A new study shows that companies are expanding their use of videoconferencing, but many worry that they may not be able to keep up with the network bandwidth demands of the technology. The concerns are documented in a survey that looks at three networking-related issues: video, cloud computing and application management. In the first of a three-part series, Network Computing looks at videoconferencing and the network.
Network Instruments, whose business is network and application performance monitoring, released its Fifth Annual State of the Network Study, based on a survey of 163 networking professionals globally, only 5% of whom are Network Instruments customers.
The survey showed that while adoption of videoconferencing is strong, concerns are many. More than 70% of respondents said they will have videoconferencing up and running within 12 months, if they don’t already have it. While videoconferencing comes in many forms, 75% of those adopting videoconferencing will do it in standard video conferencing rooms, where existing conference rooms have cameras and other equipment installed to facilitate a video call. Also, 6% will set up desktop video conferencing, which enables someone to join a call from their own office. Only 30% will invest in teleconference rooms, which are high-end installations, some costing hundreds of thousands of dollars, that include a set-up that looks like a television studio. The percentages add up to more than 100 because many are likely to have a combination of those systems.
Last October Wainhouse Research reported that Cisco commanded a 52% share of the worldwide market for video infrastructure, based on revenue, in the first quarter of 2011. Polycom had the second-biggest share, at 25%.
An earlier report from Cisco found that over 50% of all Internet traffic today is video, and by 2014 the volume will be 90%. From a customer perspective, 36% of Cisco's largest customers are rolling out video "pervasively" in 2011, and 46% will do so within the next two years.
But while videoconferencing holds the promise of enabling greater collaboration among workers in distant cities, and helps reduce travel costs, the technology has its challenges, the survey showed.
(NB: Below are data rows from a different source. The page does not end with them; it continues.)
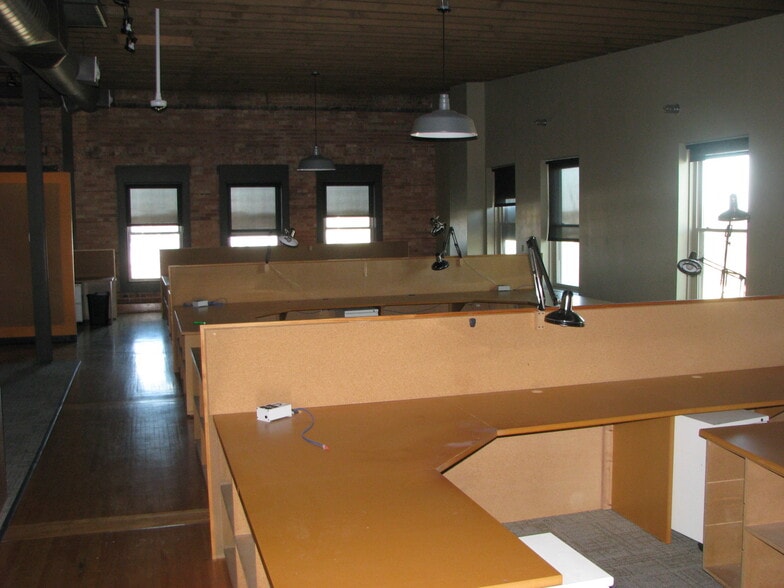 More Photos Of 124 N Broadway, De Pere Loft Creative Space For Lease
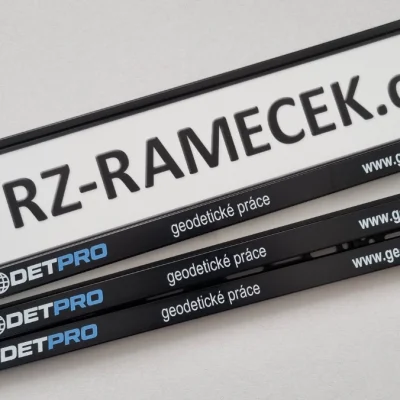 Rámeček registrační značky (SPZ)
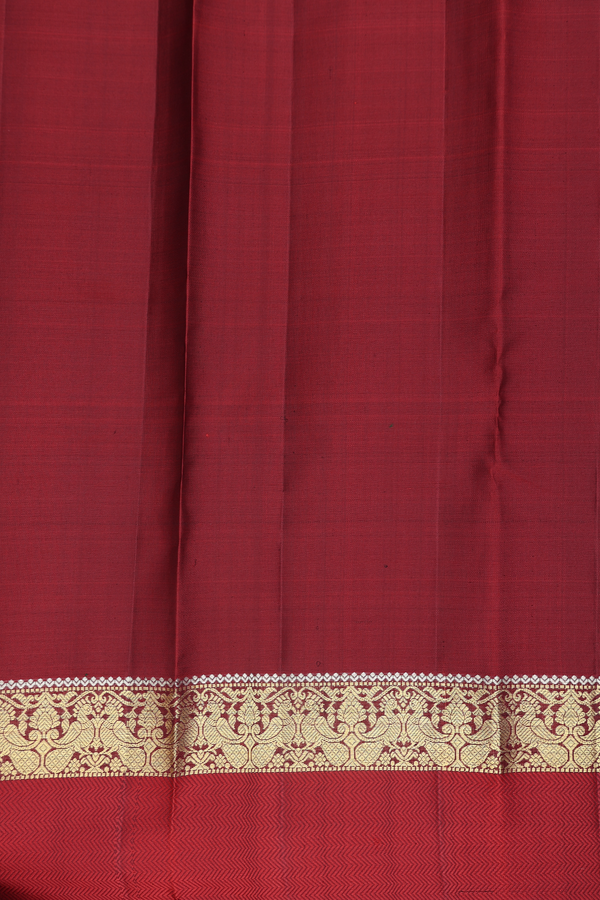 Kanchipuram Silk Saree In Forest Green With Chevron Border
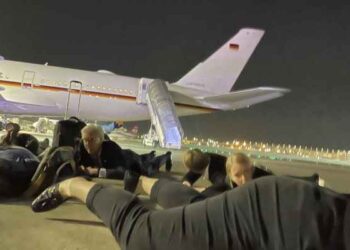 المستشار الألماني والوفد المرافق له ينبطحون أرضاً في مطار بن غوريون خشية صواريخ القسام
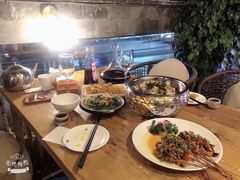 -隔壁老王·家常云南菜(花巷店)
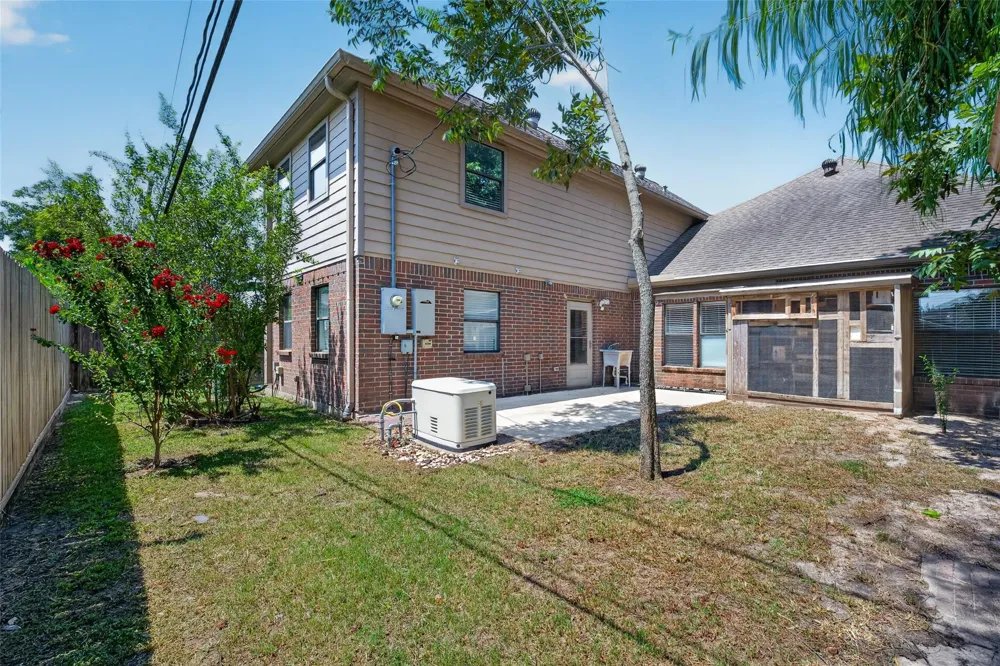 512 Bertloma Street Pasadena, TX 77502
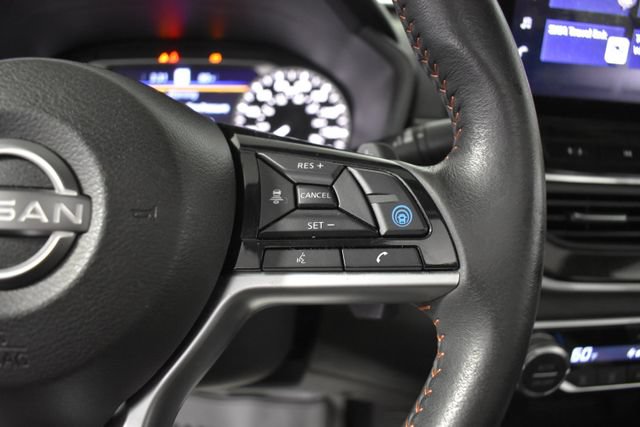 Used 2024 Nissan Altima 2.0 SR FWD image 17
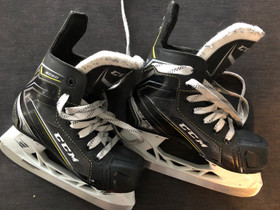CCM Tacks 9060 jr luistimet, Jääkiekko ja luistelu, Urheilu ja ulkoilu, Hämeenlinna, Tori.fi CCM Tacks 9060 jr luistimet, Jääkiekko ja luistelu, Urheilu ja ulkoilu, Hämeenlinna, Tori.fi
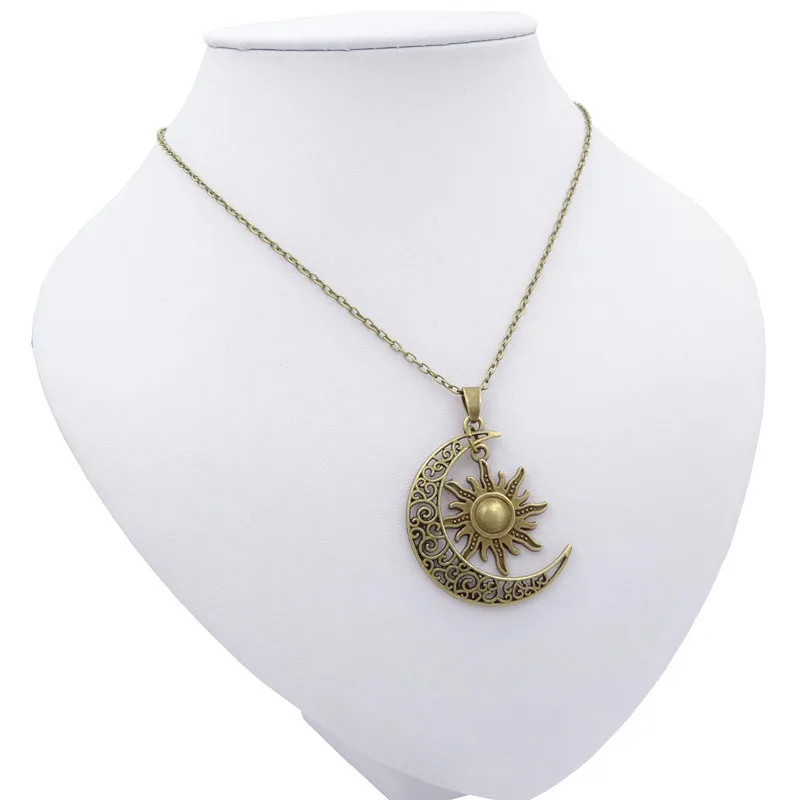 2020 New Cool old Vintage Sun Moon Pendant Necklace Crescent Moon long Chain Necklaces for Women Fashion Jewelry best Gift
2020 New Cool old Vintage Sun Moon Pendant Necklace Crescent Moon long Chain Necklaces for Women Fashion Jewelry best Gift
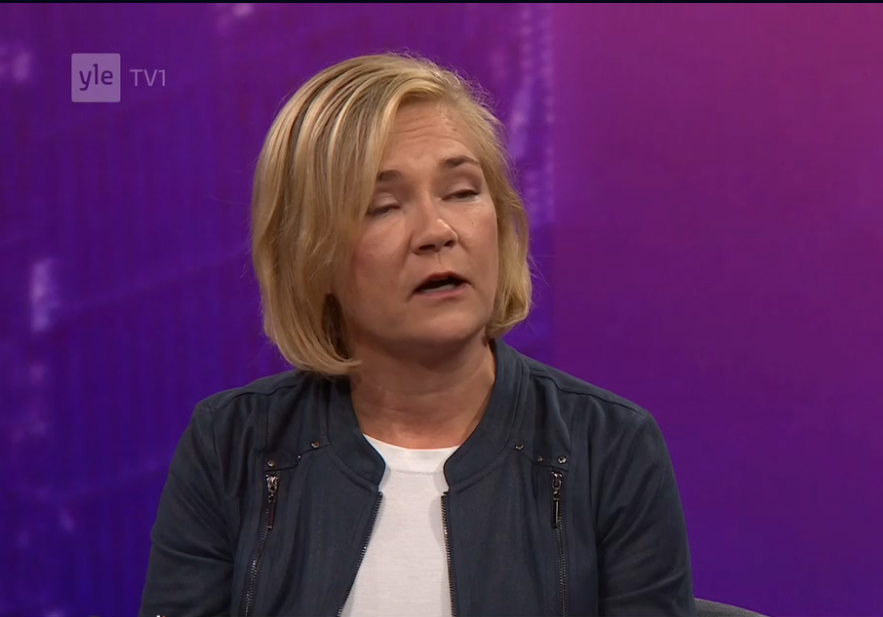 Repe_Kolppanen's tweet photo. meidän kotimainen Eva Braun sanoo aa-tsudiossa, että turvapaikkahakijoiden määrä pitää olla nolla ja muuri pitää rakentaa, ettei KUKAAN MUU kun sinisilmäinen, vaaleatukkainen Arja-suomalainen pääse tänne. #Muuri #Rantanen #PS #Arja #Astudio https://t.co/QmlDz0Bby1
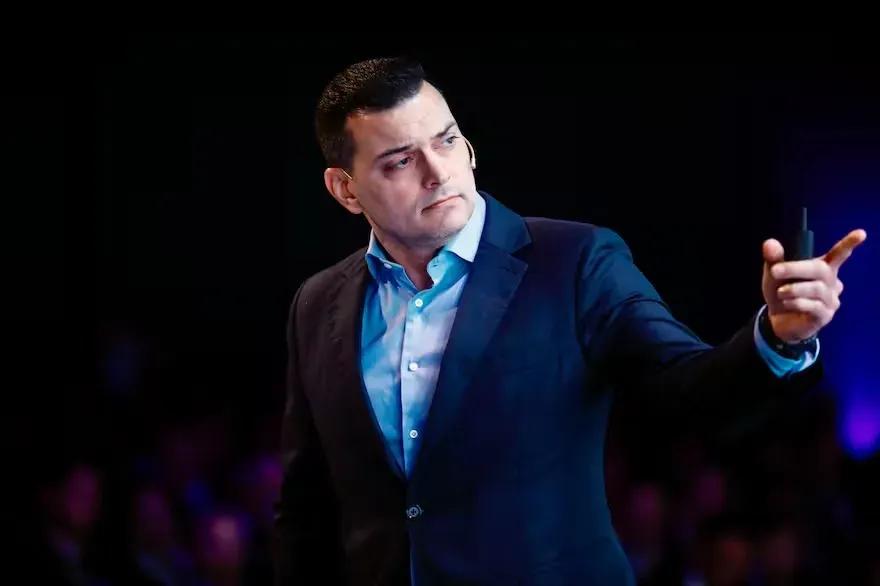 Agis, el hereje útil: por qué su irrupción incomoda más al peronismo que al oficialismo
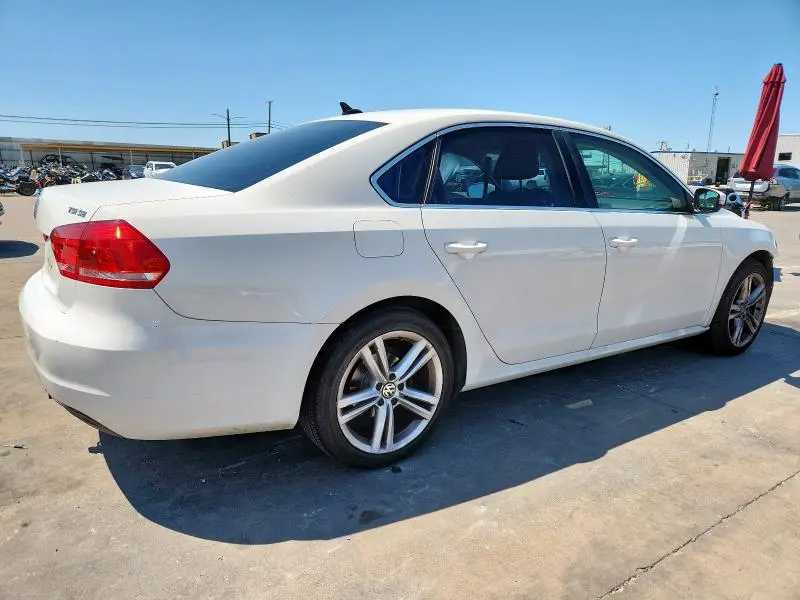 2014 VOLKSWAGEN PASSAT SE  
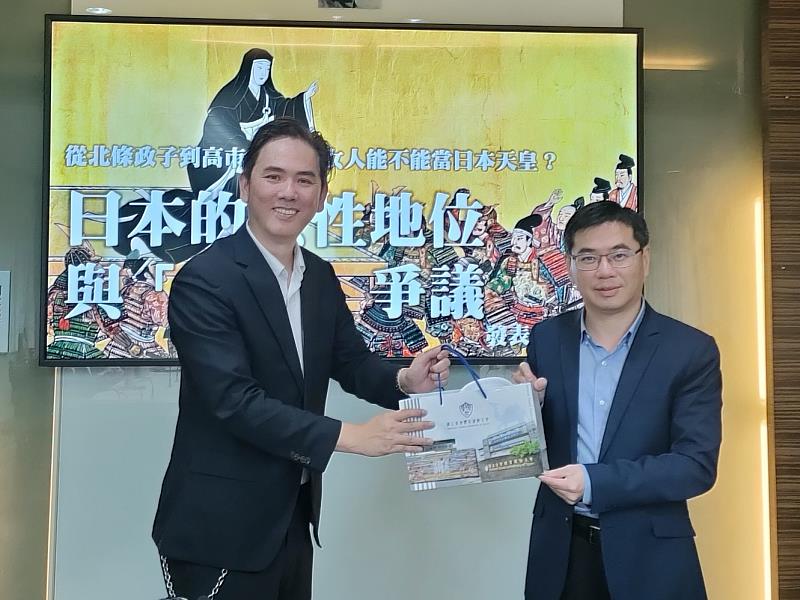 圖左為講師蔡亦竹、右為臺體大主任秘書兼性平會執行秘書陳添丁。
The leading concern from 53% of respondents was a lack of user knowledge and training on how to use the technology. However, that problem can be overcome easily as employees learn as they go along, says Charles Thompson, director of product strategy for Network Instruments.
But also of concern is allocating and monitoring bandwidth -- a worry of 49% of respondents. Video is a notorious bandwidth hog and is often given priority on networks because latency and packet loss can distort the image and tarnish the user experience. A related concern of 47% surveyed was how to implement and measure quality of service on the system, while 43% cited a lack of monitoring tools and metrics, and 19% worried about whether the data center can deliver the compute power to do video processing.